I don’t generally consider it my place to tell a restaurant what to do. I’m a reporter, not a consultant. But after a dinner at the new restaurant Purple Poulet in Dayton, Ky., I’m full of advice. I found myself itching to take the place back to the drawing board. There’s a good restaurant here, if it could shed its fancy purple get-up.
I’d lose, for instance, the sorbet palate cleanser between courses. It’s an outdated, awkward fine-dining touch. I’d 86 the sweet, cake-like cornbread, especially the lemon-mint version. I’d serve more dishes on plain round plates instead of long restauranty ones. I would pour the sour mix down the drain and take most of the pickled onions out of the oyster po-boy. I’d actually take the white linens off the table – along with the bright purple linens, I’m afraid. I’d exchange some of the old signifiers of a fine dining experience with some newer, hipper ones. (Though there is some reclaimed barnwood in the decor.)

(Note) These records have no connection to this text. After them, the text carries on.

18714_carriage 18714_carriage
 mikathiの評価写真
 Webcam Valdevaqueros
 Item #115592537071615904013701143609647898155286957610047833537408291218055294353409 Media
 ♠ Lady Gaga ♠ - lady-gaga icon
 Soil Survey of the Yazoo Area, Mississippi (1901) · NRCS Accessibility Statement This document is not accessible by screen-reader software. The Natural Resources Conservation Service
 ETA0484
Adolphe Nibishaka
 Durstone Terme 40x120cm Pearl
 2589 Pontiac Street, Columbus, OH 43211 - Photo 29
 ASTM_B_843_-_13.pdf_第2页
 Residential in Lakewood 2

With that stripped away, the restaurant’s Southern-inspired, hearty food would shine through. The place would seem a lot more accessible and understandable. The very competent, relaxed wait staff would feel right at home. And the restaurant would fit into its Dayton, Kentucky, location more naturally. It already has a moderate price point. People might make the drive down Route 8 for the shrimp and grits alone.
But all that would be messing with the personal vision of the owners of The Purple Poulet. Rich Zumwalde and his wife Roxanne wanted a “nice,” but not fine-dining restaurant. They chose bright purple as a motif, carried out in table linens and the painted bar. There are pretty chandeliers, and substantial, comfortable furniture. A lot of care and detail has gone into the atmosphere. Zumwalde has been around local kitchens for many years. He owned the Milan Railroad Inn in Milan, Indiana, for a decade or so. The menu starts with the fried chicken he made there along with a long list of bourbon, and adds dishes that are appropriate on the same menu: shrimp and grits, chicken and waffles, oysters, coconut cake. So it has a Southern/Kentucky/New Orleans theme, and gives the owner some scope.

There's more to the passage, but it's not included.